Wrong Elements : mi bourreaux, mi victimes, les laissés pour compte de l’Ouganda

Photo du film Wrong Elements © 2015 Marine Gautier

Jonathan Littell est une plume. Dans ses reportages, dans ses romans, il plonge son lecteur dans un monde où tout ne tourne pas toujours rond. Après la Géorgie, le Soudan, la Syrie et tant d’autres destinations, il met cette fois le cap sur l’Ouganda et laisse les pages papier de côté. Il s’essaie au documentaire avec Wrong Elements, présenté en Séance Spéciale, en lice pour la Caméra d’Or.

C’est un fléau majeur dans l’histoire de l’Ouganda. La LRA, Armée de Résistance du Seigneur. A l’origine, Joseph Kony, un insurgé acholi, prétendu guérisseur, monte son mouvement rebelle contre le pouvoir central. Pour grossir ses rangs, la LRA enlève des enfants, plus de 60 000 en 25 ans, pour en faire des guerriers. Aujourd’hui, la LRA sévit toujours mais a perdu en influence et Joseph Kony est l’homme le plus recherché d’Afrique. Restent des jeunes adultes arrachés à l’enfance et désormais laissés pour compte.

Mi bourreaux, mi victimes, ils doivent maintenant se reconstruire. Jonathan Littell est allé à la rencontre de Geofrey, Nighty et Mike, enlevés à 12 ou 13 ans, enrôlés, devenus criminels puis abandonnés.

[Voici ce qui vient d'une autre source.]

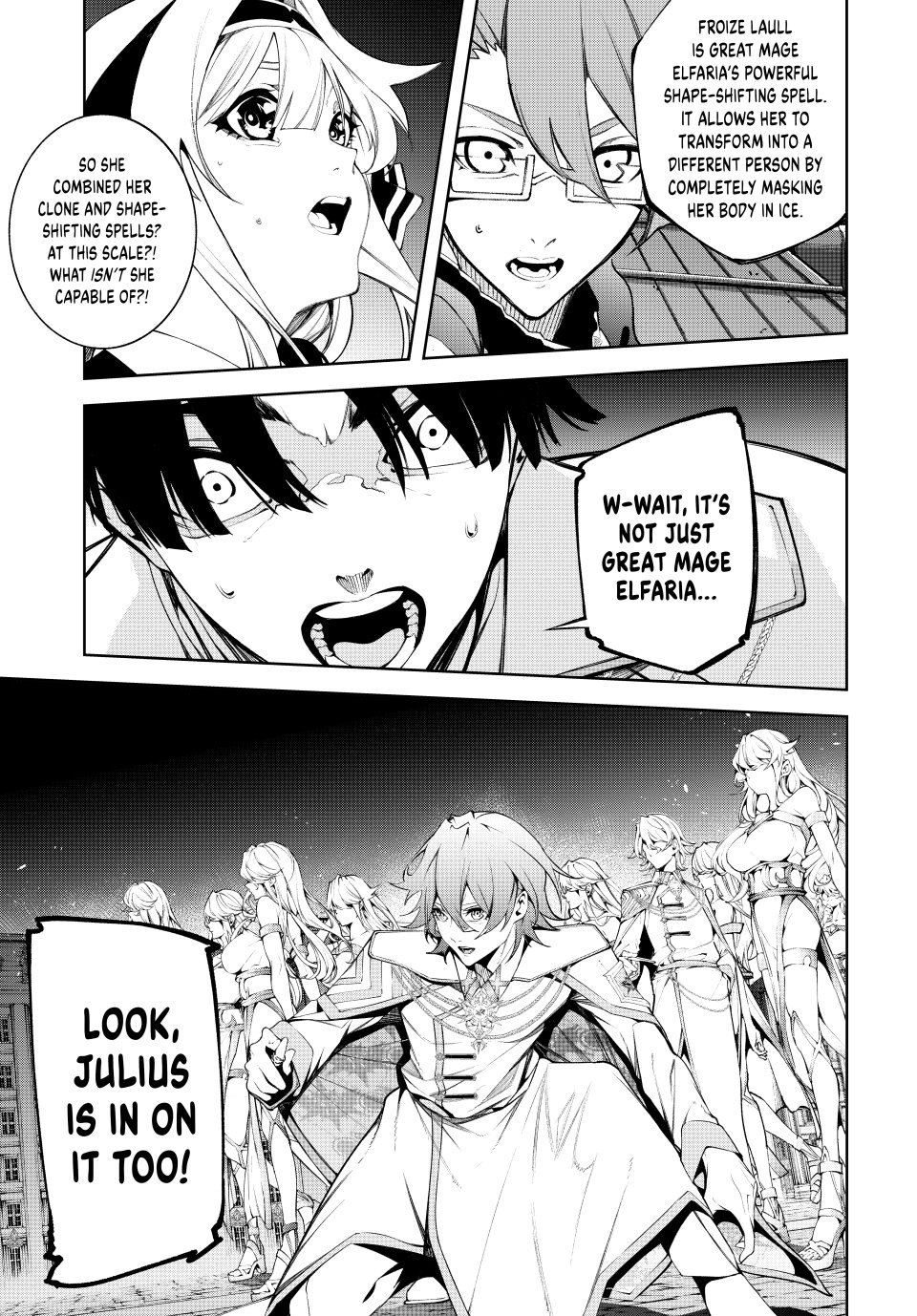 Read Wistoria Wand and Sword Manga Online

Pour raconter cette crise et les interrogations qui l’accompagnent, l’écrivain se fait réalisateur.

« Ces réponses viennent avec tous les moyens qu’offrent l’image en mouvement et le son : non seulement la parole, forcément limitée, mais les gestes, les intonations, les hésitations, les regards. »

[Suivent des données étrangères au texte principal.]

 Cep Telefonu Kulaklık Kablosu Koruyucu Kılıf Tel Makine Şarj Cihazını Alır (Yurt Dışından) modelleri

La faute, la culpabilité, le déracinement, Wrong Elements explore les conflits intérieurs de soldats enrôlés malgré eux. En filigrane, le film éclaire des questionnements laissés chez les enfants des régimes nazi, stalinien et maoïste, il anticipe également les préoccupations qui seront celles des générations de Daech.